Material for this task -
● ● ● ● ●

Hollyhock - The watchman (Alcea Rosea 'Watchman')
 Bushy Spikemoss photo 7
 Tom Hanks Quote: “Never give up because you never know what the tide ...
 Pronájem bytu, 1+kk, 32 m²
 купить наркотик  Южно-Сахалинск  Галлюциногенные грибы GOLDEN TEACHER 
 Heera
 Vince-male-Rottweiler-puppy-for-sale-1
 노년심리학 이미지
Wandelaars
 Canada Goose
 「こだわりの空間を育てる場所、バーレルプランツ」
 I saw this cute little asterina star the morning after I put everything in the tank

● ● ● ● ●

Activity -
Return the full listing, character for character.

Output below -
Hollyhock - The watchman (Alcea Rosea 'Watchman')
 Bushy Spikemoss photo 7
 Tom Hanks Quote: “Never give up because you never know what the tide ...
 Pronájem bytu, 1+kk, 32 m²
 купить наркотик  Южно-Сахалинск  Галлюциногенные грибы GOLDEN TEACHER 
 Heera
 Vince-male-Rottweiler-puppy-for-sale-1
 노년심리학 이미지
Wandelaars
 Canada Goose
 「こだわりの空間を育てる場所、バーレルプランツ」
 I saw this cute little asterina star the morning after I put everything in the tank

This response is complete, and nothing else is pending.